> Work request
Out of the material that follows, write out exactly the lines from the line with "довгозернистий" to the line with "1750 N Bayshore Dr # 1606, Miami FL 33132", both ends included, and no others.

> Information supplied
Start of Block
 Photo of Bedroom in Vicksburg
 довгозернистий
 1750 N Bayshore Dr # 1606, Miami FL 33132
End of Block
Start of Block
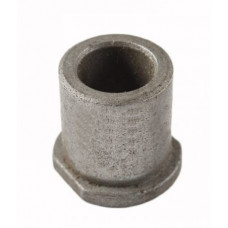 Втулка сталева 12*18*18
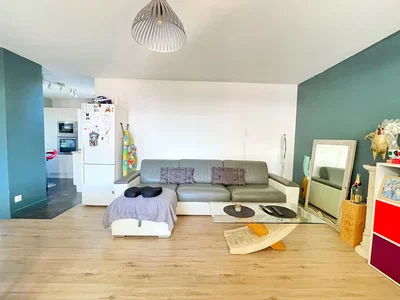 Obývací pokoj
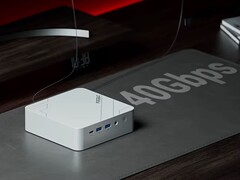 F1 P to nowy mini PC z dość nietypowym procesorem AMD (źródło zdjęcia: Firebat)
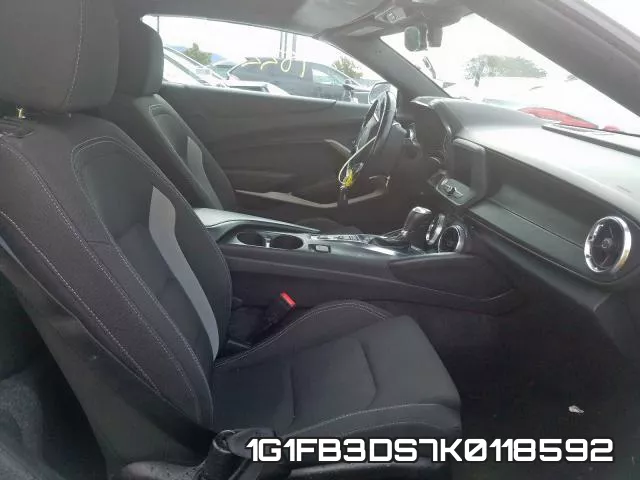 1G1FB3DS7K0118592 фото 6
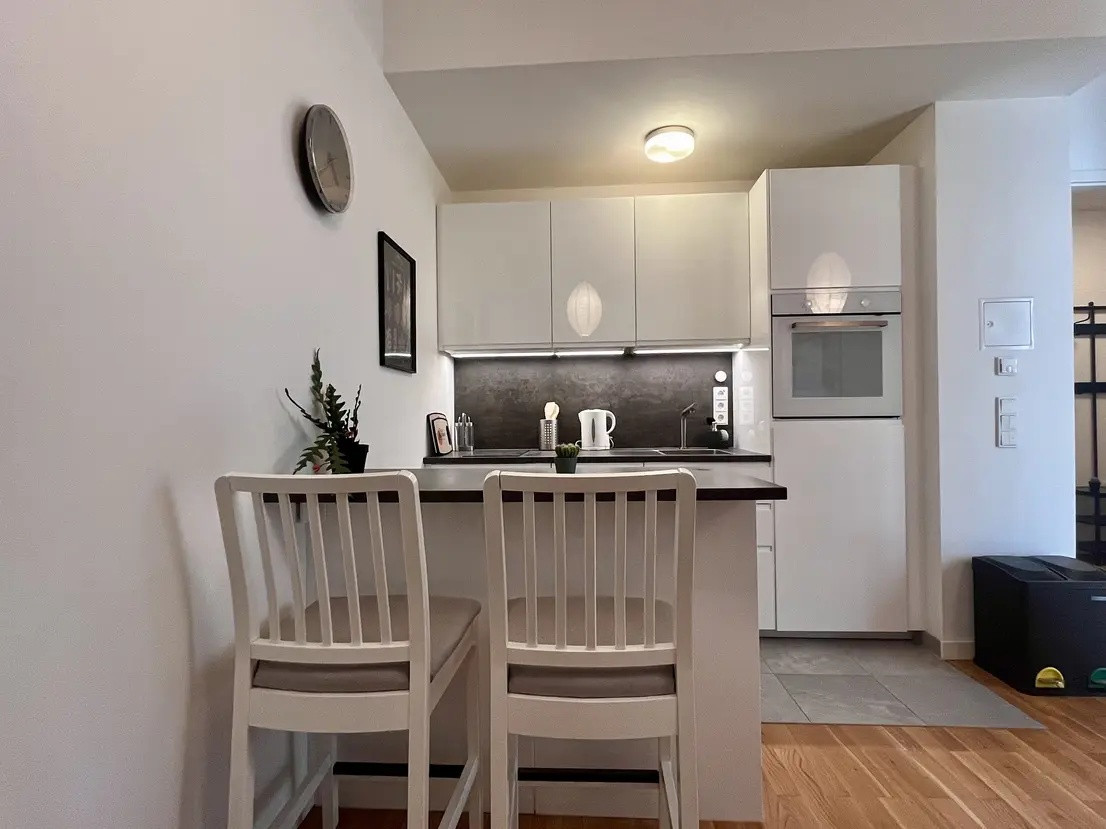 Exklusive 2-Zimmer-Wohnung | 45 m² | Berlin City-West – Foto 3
End of Block
> Exercise output
 довгозернистий
 1750 N Bayshore Dr # 1606, Miami FL 33132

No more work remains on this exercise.